— Data provided —
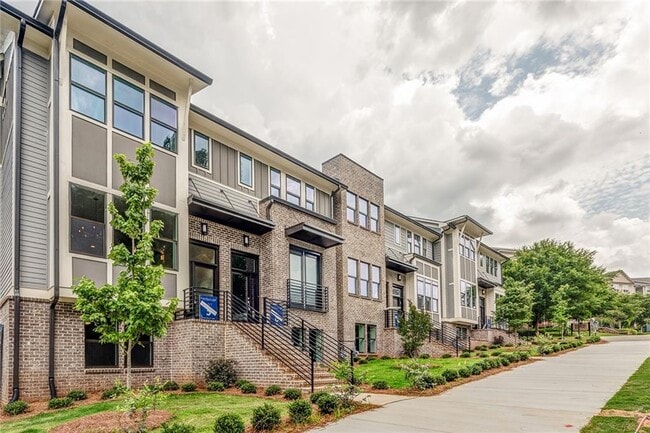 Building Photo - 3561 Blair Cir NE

...

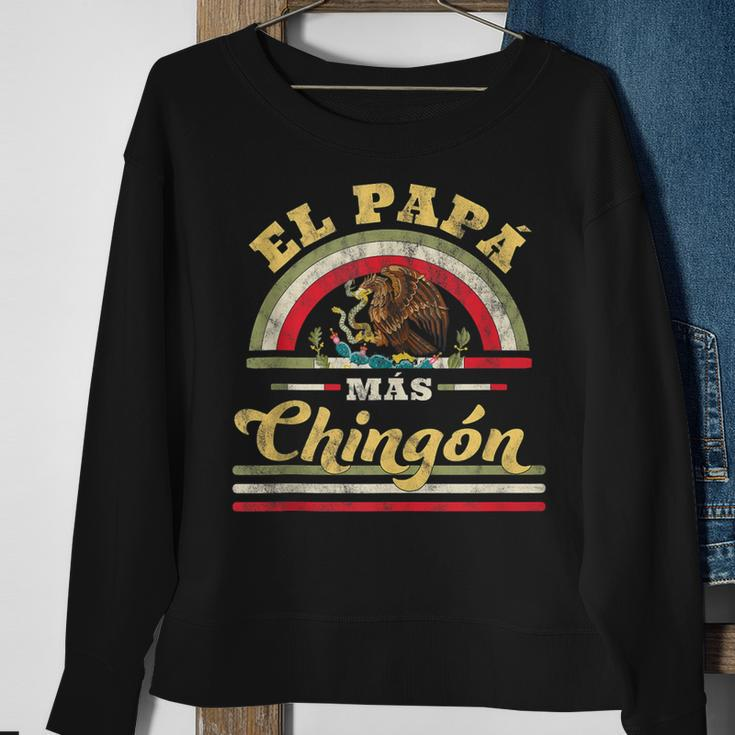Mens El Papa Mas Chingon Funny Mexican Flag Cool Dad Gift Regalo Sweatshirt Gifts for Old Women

---

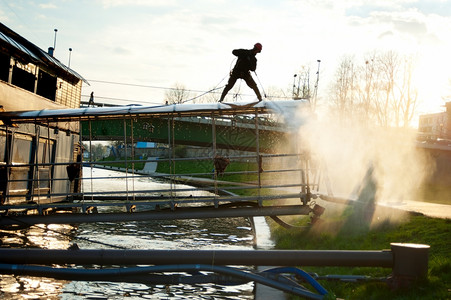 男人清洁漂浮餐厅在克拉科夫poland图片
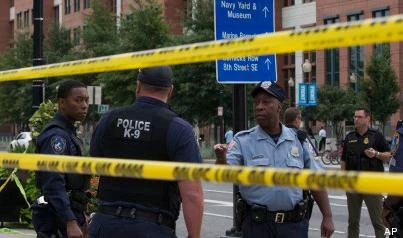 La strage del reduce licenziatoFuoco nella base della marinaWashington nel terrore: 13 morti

— Task —
Out of the records above, set down only the lines from the one that contains "男人清洁漂浮餐厅在克拉科夫poland图片" through the one that contains "La strage del", unchanged and without the pictures.

— Task answer —
 男人清洁漂浮餐厅在克拉科夫poland图片
 La strage del reduce licenziatoFuoco nella base della marinaWashington nel terrore: 13 morti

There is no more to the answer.